Cleomenes, not surprisingly, was not too happy with the situation, and marched on Athens with the Spartan army. The attempts of the Lacedaemonian to restore Isagoras in the government ended in debacle, however the Athenians, fearing the worst, had already sent ambassadors to Artafernes, to the city of Sardes, asking for help from the Persian Empire. Artaphernes requested that the Athenians give him "land and water", a traditional symbol of submission, to which the Athenian ambassadors agreed. On their return to Athens, they were severely censured for this fact. At some later point, Cleomenes hatched a plot to reinstate Hippias in the government of Athens, which proved futile. Hippias fled again to Sardis, and attempted to persuade the Persians to subdue Athens. The Athenians sent emissaries to Artaphernes to dissuade him from taking any action, to which Artaphernes responded by recommending that they accept the return of Hippias as tyrant. The Athenians objected, as was to be expected, and openly declared war with Persia. Having thus become the enemy of the Achaemenid Empire, Athens was already predisposed to support the Ionian cities when the revolt broke out. The fact that the Ionian democracies were inspired by the Athenian one undoubtedly helped in this decision, especially if it is true that the Ionian cities were originally Athenian colonies.
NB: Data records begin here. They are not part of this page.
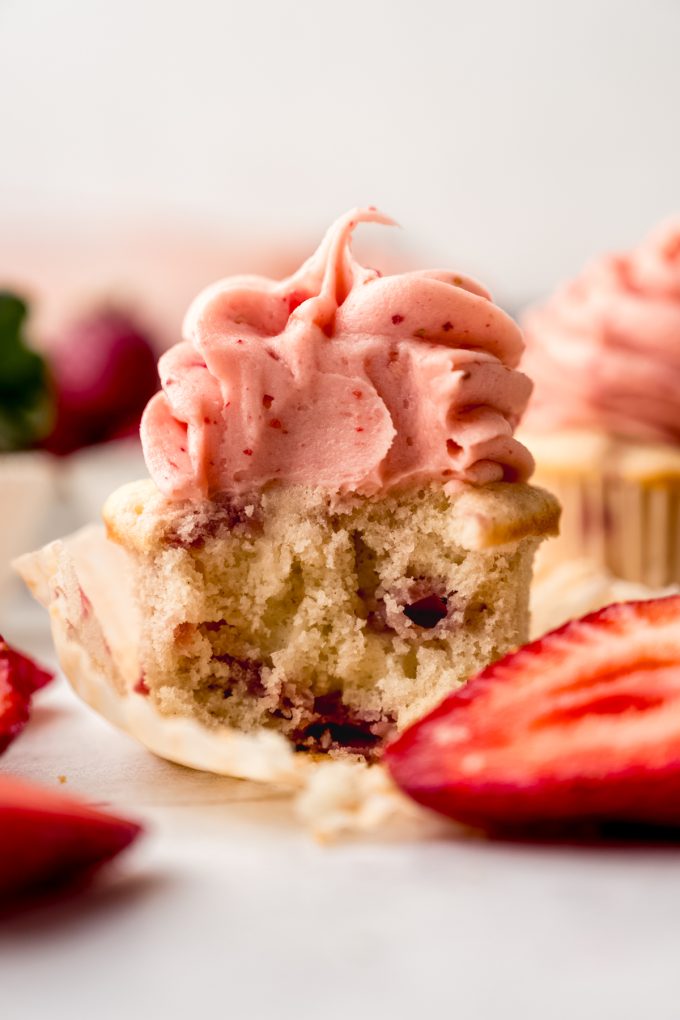 A frosted strawberry cupcake with a bite taken out of it sitting on a surface.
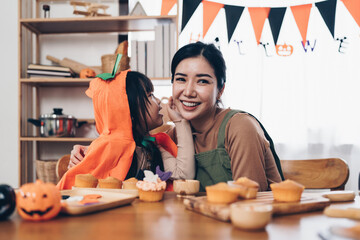 Young girl and mother at Halloween making treats and cupcake on table. Happy Halloween day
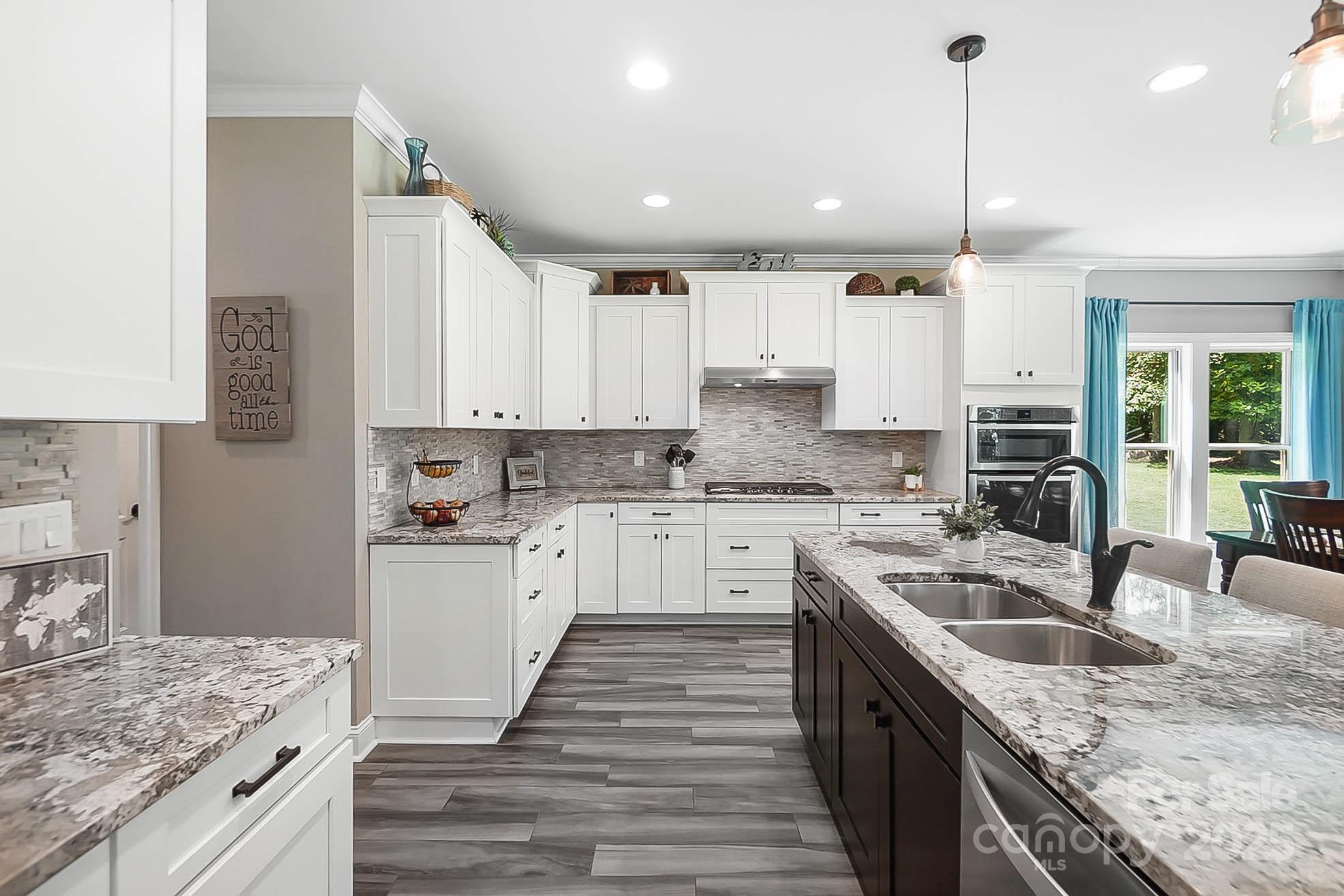 7219 Indian Trail Fairview Road Indian Trail, NC 28079 - Photo 4 of 48 a kitchen with a sink stove and cabinets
The city of Eretria also sent aid to the Ionians, for reasons that are not entirely clear. Possibly there were commercial reasons: Eretria was a commercial city on the island of Euboea, whose market was threatened by Persian domination of the Aegean Sea. Herodotus suggests that the Eretrians backed the revolt in gratitude for the support given by Miletus to their city in an earlier war against Chalcis.

Athenians and Eretreians sent an expeditionary force of 25 triremes to Asia Minor. While there, the Greek army surprised Artaphernes, evading him and marching to Sardis, where they burned the lower part of the city. However, this was the greatest of Greek achievements, as they were pursued all the way to the coast by Persian horsemen, losing many men in the process. Although their actions were invaluable, both Eretrians and Athenians earned the eternal enmity of Darius, who vowed to punish both cities. The Persian victory at the naval battle of Lade (494 B.C.) virtually ended the revolt, and in 493 B.C. the Persian fleet quelled the last pockets of resistance. The rebellion was used as an opportunity to extend the imperial frontier to the islands of the eastern Aegean and the Propontide, which had never been part of the Persian dominions. The complete pacification of Ionia allowed the Persians to plan new moves, extinguish the threat posed by Greece, and to chastise Athens and Eretria.

In the spring of 492 B.C. an expeditionary force was created, to be led by Mardonius, the son-in-law of Darius, consisting of a fleet and a land army. It consisted of a fleet and a land army. While its primary objective was to punish Athens and Eretria, as a secondary objective it was to subjugate as many Greek cities as possible. Starting from Cilicia, Mardonius sent the army across the Hellespont, while he traveled with the fleet. He sailed around Asia Minor to Ionia, where he spent some time abolishing the tyrannies that ruled the Ionian cities. Ironically, since the establishment of democratic governments had been a key factor in the Ionian revolt, he replaced the tyrannies with democracies.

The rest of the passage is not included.